I don’t want to praise something because it’s Canadian. I want to praise it because it’s deserving, inventive, and beautifully made. The unwritten rule of Toronto fashion show reviewing is this: if you can’t say something positive, sssshh. Well, how about this: if you can’t show something original, don’t show.

Were such a rule enforced, we’d have LG Fashion Day. But at least it would be a good day. (Flare mag’s Lisa Tant tweeted a kinder verdict, allowing for three days in her “short and sweet” ideal Fashion Week. Her thought was immediately RT’d by Anita Clarke, style blogger and champion of those few originals — like the lovely Jeremy Laing.)

More rules to lessen the week’s crapload:

1. Nix the “fashion shows” by retailers. All of them. Example sans excellence: Friday’s GotStyle Menswear Made in Canada group show was 33 million viewers short of a national embarrassment. I don’t know what I expected, having just spent 10 minutes in line at Starbucks listening to one of the designers rave about his crazy night at Cobra, dude, but it was worse. And it wasn’t helped by the poor boys (media personalities, dubious celebs) enlisted to play peacock. Saving grace: Ben Mulroney’s velvet blazer and jokey old-man shuffle, and subsequently, Michael King’s mutter: “Oh god. At least I know who he is. But who are the rest of these guys?”

2. No shows after 10pm. Honestly. Can you believe a designer actually did her catwalk at Ultra at 11pm? On a Wednesday? The arrogance in presuming that we will all skip drinks with our real-life friends to watch a parade of purple lace take place — at a supper club — is appalling.
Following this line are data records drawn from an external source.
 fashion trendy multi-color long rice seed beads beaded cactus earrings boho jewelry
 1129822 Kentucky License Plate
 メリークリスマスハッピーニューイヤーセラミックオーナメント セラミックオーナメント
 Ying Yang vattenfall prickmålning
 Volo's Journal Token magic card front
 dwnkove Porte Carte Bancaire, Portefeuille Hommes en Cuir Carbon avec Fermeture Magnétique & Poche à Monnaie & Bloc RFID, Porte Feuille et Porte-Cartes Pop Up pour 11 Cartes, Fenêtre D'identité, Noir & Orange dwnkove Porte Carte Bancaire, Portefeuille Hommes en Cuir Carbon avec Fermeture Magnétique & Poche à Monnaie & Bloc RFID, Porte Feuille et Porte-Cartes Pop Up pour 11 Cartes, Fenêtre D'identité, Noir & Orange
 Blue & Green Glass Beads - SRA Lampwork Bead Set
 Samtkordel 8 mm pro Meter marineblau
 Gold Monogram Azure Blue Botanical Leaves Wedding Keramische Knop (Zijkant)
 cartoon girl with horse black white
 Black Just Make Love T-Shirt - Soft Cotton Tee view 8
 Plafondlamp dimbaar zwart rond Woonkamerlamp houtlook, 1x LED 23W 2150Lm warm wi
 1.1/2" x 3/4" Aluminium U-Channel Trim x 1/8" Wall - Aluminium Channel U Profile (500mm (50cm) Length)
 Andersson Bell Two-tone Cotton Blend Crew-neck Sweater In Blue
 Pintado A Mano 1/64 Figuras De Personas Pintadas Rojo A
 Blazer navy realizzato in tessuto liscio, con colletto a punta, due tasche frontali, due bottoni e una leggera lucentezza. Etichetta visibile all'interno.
3. No more pre-show videos to “set the mood.” That goes for: David Dixon, Nada Shepherd, Jason Meyers, all of you. It’s indulgent and tiresome. I didn’t need to see Jessica Biffi (pictured at right) spray-painting a bunch of shingles to make her opening look in Friday afternoon’s show. I knew, when that dress came out, speckled in a handful of toneless neons, that it had been spraypainted. Edgy.

4. No shows in which spraypainting is considered an acceptable way to introduce your colour palette. We are not in my suburban high school, are we?

5. For that matter, a strictly enforced cap on number of Project Runway Canada also-rans permitted to show. Like maybe: one.

And in regards to the last, you know who’d be The One? Lucian Matis. PRC’s first-season silver medalist may have lost out to Evan Biddell, but he won the first-ever FDCC Designer Development Fund — a cash prize, plus waived LGFW runway fee next season. (The catch? In a stringent test of endurance, he’ll weather a “mentorship” with FDCC prez Robin Kay.)

And then, he set out to prove he’d earned it. Matis, a seemingly incurable maximalist, had promised to turn the tent into a big-top. A disco ball glittered. Screeching circus music blared. A dress came out: printed in clown-face, overlaid in chiffon. The model wore bejewelled, cage-like headgear. I braced for an insane clown posse.

But then — tada! The magic of restraint. Those clowns turned out to be sad ones, and beautiful ones. Sick ones, perhaps? Their pasty faces matched the smudged pastel palette. And they were walking, wounded, in hobbling heels all bound with twists of chiffon — tea-stained, dusty rose, or polluted aqua chiffon, to match the draping above. Everything muted, everything soft. There were studs, as there are studs all over now, but these were different—a mix of metals and tiny shapes, smattered in constellations. (How nice: a trend reinterpreted, not aped.) The grey ribbons — or no, not ribbons, but utility-heft straps — were harnessed on gowns. Or breast-plated, or belted, with chains. These were dresses for dirty nymphs — a tribe, perhaps, led by Chiron, the centaur god and wounded healer. I pinched myself. It wasn’t myth or magic, but a real, live, amazing show. Not good for Toronto. Just good.

The final day was far from over, but I had to leave after that. It was too pretty and surprising to ruin. (Next up: Pat McDonagh designs dresses inspired by... ice cream? A bulimic's dream.) I was collecting the week’s best moments — the styling at Pink Tartan, the debut of Rita Liefhebber, one lovely jersey gown at Evan Biddell — into my own personal Fashion Day. And I wanted it to end on that rare, soaring note.